Sticking with the analysis of the text for a moment, normal sentence structure in English is S-V-O, but this is O-SV (the subject & main verb being “we proclaim” in verse 3). Attention, thus, is focused heavily upon the object of the apostolic proclamation rather than the act of proclaiming it. John wants us to meditate on Christ, with him, especially the true humanity of Jesus. As can be gleaned from later in this epistle, there was already a heretical sect that denied that Jesus had come in the flesh, the divine becoming truly man. From the beginning of the preaching of the Gospel, Jesus has been heard from, seen, and even touched, revealing or manifesting the Gospel of salvation. As surely as Jesus walked this earth, died, and rose again, so is the certainty of the truth of the apostles’ preaching.
The purpose of this proclamation is two-fold in this prologue: that we might have fellowship, and that the apostles’ joy may be complete (or full). The joy is simple: how beautiful are the feet of those who carry good news! The angels rejoice over the repentance of but one sinner! The proclamation of God is gospel – good news. It is a joy to speak of Christ, especially to proclaim him to others who may then turn to him and live.

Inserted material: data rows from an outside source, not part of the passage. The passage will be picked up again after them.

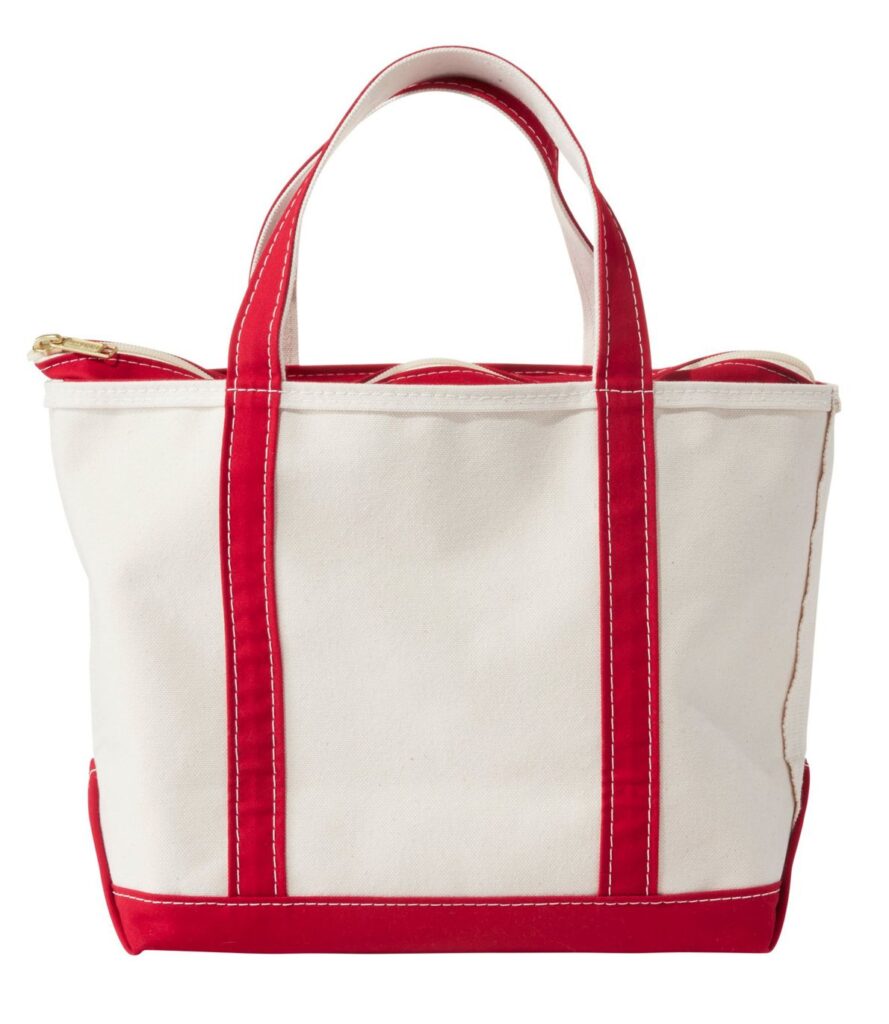 10. L.L. Bean Boat and Tote, Zip-Top, white and red, handles up, 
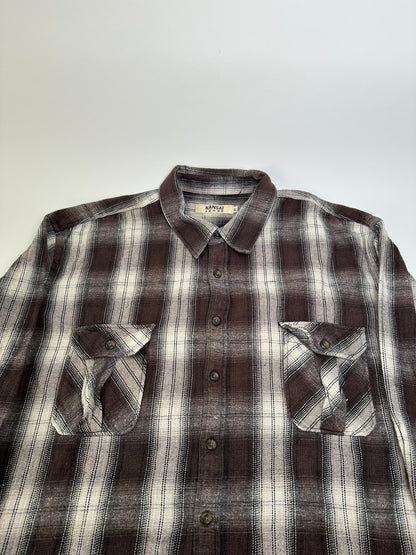 Vintage Kansai Yamamoto Flannel Shirt Brown Cream Black XL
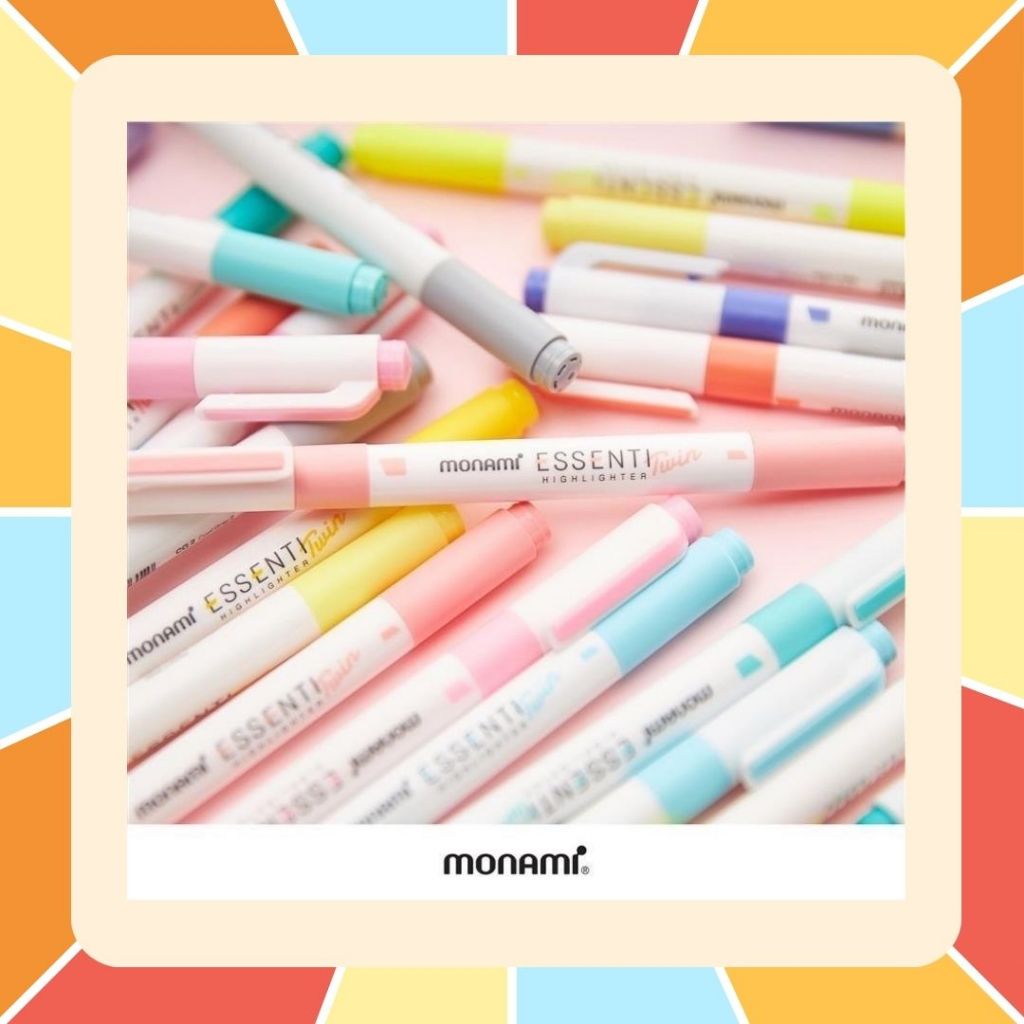 Monami ปากกาไฮไลท์ 16 เฉดสี Essenti Twin Highlighter โมนามิ ปากกาเน้นข้อความแห้งไว 2 หัว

It is the fellowship that takes a little more attention to understand. There are many kinds of fellowship – that of a club or organization of acquaintances, people who share a common interest or activity; that of a group of close friends who share common ideals or goals or purposes; that of a family who share their very lives with one another; and of course there is fellowship with God wherein we share not only this life, but eternal life together. It is this highest fellowship, unsurprisingly, that John writes of here. But what I should especially like to point out is the order of fellowship as he describes it. First that you, the hearers or readers, would have fellowship us – John and the other apostles – and second that our fellowship is with the Father and the Son. Typically today we tend to speak of fellowship or communion with God first, and church membership second; but John gives it to us the other way ‘round. We have fellowship with the apostles, and thereby have fellowship with God.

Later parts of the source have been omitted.